This is only true if your original computation is correct, and if DAGCombine/Legalization doesn't create any nodes which are naturally divergent. Neither of those are safe assumptions, I think. DAGCombine and legalization will transform loads and stores, which could end up creating a naturally divergent node. And some divergent nodes will never be passed to SelectionDAGBuilder::setValue when you build the DAG, due to the way SelectionDAGBuilder handles values with illegal types. But I'm not sure that's a complete list of the issues with the current version, and there's no practical way to check without a verifier.

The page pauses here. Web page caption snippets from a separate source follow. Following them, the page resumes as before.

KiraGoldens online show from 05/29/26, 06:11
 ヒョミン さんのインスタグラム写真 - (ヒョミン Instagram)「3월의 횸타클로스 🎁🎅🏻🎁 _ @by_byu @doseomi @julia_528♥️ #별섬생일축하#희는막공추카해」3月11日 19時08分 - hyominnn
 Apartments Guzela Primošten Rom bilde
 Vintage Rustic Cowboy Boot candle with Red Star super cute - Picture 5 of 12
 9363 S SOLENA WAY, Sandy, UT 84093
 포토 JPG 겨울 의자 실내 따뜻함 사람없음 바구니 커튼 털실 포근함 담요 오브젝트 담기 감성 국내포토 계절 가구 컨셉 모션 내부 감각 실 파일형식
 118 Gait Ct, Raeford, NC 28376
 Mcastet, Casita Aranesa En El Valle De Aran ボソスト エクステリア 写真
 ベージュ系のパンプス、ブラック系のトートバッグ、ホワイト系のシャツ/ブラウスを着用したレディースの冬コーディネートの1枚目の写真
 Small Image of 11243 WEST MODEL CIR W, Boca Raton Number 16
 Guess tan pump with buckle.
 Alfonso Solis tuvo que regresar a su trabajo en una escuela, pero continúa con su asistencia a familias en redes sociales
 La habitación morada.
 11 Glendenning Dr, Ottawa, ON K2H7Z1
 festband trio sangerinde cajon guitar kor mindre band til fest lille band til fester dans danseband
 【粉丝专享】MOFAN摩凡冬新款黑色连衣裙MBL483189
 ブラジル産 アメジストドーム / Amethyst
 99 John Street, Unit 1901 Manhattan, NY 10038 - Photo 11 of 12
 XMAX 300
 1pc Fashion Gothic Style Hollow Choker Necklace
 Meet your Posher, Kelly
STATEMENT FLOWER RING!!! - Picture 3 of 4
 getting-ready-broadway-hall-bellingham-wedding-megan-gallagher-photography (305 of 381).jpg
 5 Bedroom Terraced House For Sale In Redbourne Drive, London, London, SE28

alex-t added a comment.EditedDec 21 2017, 11:40 PM

To start with, let's make sure that we're agreed on terms.
Divergent machine runs a set of threads (warp or wavefront) that execute same set of instructions in same order (SIMT).
Divergent operation operates on "vector" registers such that each register consists of many lanes - each thread operates on the data in corresponding lane.
From the above immediately follows that the only source of divergence is thread ID or any data that is derived from thread ID.
Usually it is a small set of target intrinsics that may be the source of such a data.

There are 2 reasons of operation to be divergent:

  1. It data-dependent on some divergent operation
%tid = call i64 get_global_id_x()  // source of divergence
%1 = add i64 %x, %tid                // data dependence on operand 1
%2 = shl i64 %1, 16                     // data dependence on operand 0
%gep = getelementptr i32, i32 addrspace(1) * %array, i64 %2   // data dependence on operand 1
%val = load i32, %gep                // data dependence on operand 0
  1. operation that is uniform itself but is control-dependent on the divergent branch:
int tid = get_global_id(0)

if (tid < n) {
  x = 1;               // no data-dependency on any divergent data
} else {
  x = 2;              // no data-dependency on any divergent data
}
y = x + 5;     // threads taking different branch-targets have different "y" value - operation is divergent ( it is vector addition on vector registers )

Since the selection DAG only models data dependency the latter case is out of scope of this discussion.
The DAG is constructed, transformed and selected per block.

From the above follows that operation in the selection DAG only may be divergent if there is a path in the DAG from some divergent node to the current node.

Initially DAG is constructed by the walk of the IR (SelectionDAGBuilder) and models IR exactly. Thus the divergence property is kept unchanged.

Both DAG peephole optimizations (combiner) and operations/types legalization do not create the new edges in data dependence graph.
I mean that they match the pattern following the existing edges and then change it to some another sub-graph such that all incoming edges of the old subgraph become incoming edges of the new one and same for the outgoing.
Even if several incoming/outgoing are merged together it keeps data flow pattern.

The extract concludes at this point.